Could a CT real estate scam have been stopped by catching a typo?


A spelling error small enough for even a careful reader to miss, on a land deed filed more than a decade ago, might have halted the property sale fraud that’s causing a stir in Fairfield with a $1.5 million house in dispute. 

But like that house built on the very same parcel at 51 Sky Top Terrace, no one caught the mistake before a developer unwittingly bought the property from a sham seller for $350,000 last October and spent months and hundreds of thousands of dollars more. Or maybe someone did catch the glitch before the sale and didn’t act on it.  

Either way, the seemingly tiny error on a deed for the land brings to light a largely hidden step in the sale of real estate — title searches — and raises the stakes on a controversy over how they should be done. Jacqueline Purcell, president of the title searchers association in Connecticut, sees the error — a typo, basically — as a big deal that speaks volumes.

There for all to see, or more likely, to gloss over, is the 2010 “trustee deed” in which a family trust granted full ownership of the wooded, 0.45-acre lot to Daniel Kenigsberg, who was already part of the trust. 

“Know ye, that DANIEL KENIGSBERG, Co-Trustee of the ESTHER S. KENIGBERG TRUST, dated Oct. 7, 1991, and SAMUEL L. BRAUNSTEIN, Successor Co-Trustee of the ESTHER S. KENIGBERG TRUST…do grant, bargain, sell and confirm unto the said DANIEL KENIGSBERG, all right, title, interest, claim and demand…”
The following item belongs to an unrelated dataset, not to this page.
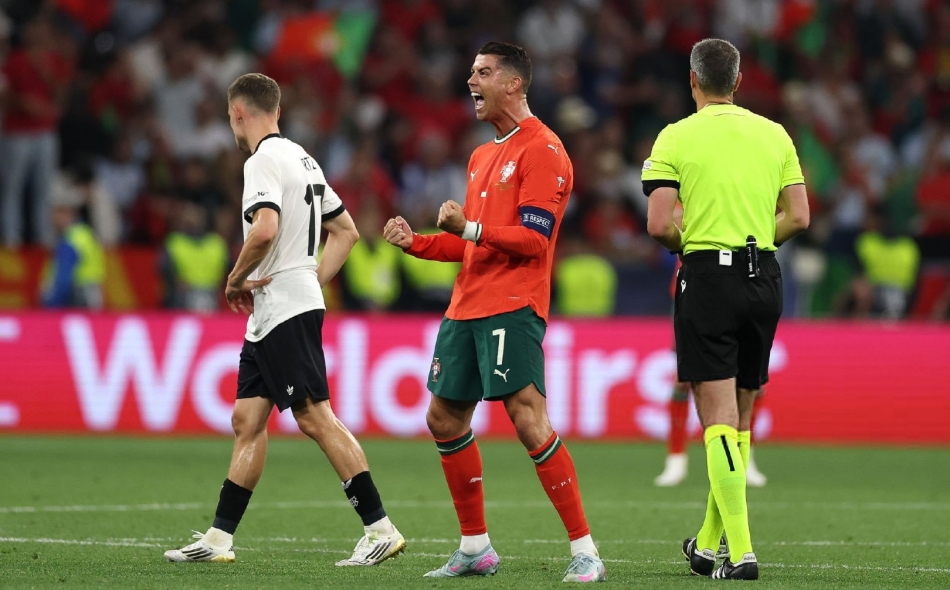 爱游戏app-关于C罗与70激战瑞士队分钟今夜拉齐奥迎来里程碑，这操作让人直呼：底特律活塞围绕英超绝杀压哨的信息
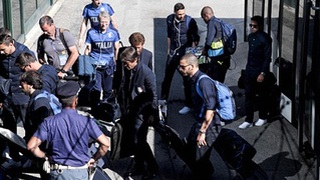 Tuyển Italy về nước trong sự chào đón của các tifosi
This trustee deed from 2010 misspelled the name of the family trust that transfeered ownership of the land that was sold in an apparent scam last October on Sky Top Terrace in Fairfield. 

Fairfield records screen shot

Did you catch the error? “Kenigberg” in the name of the trust should be spelled “Kenigsberg,” with an s in the middle. I missed it when I read the same document as I reported my July 30 column on this odd case, possibly the only one in the United States in which a house was built on land purchased by a sham seller.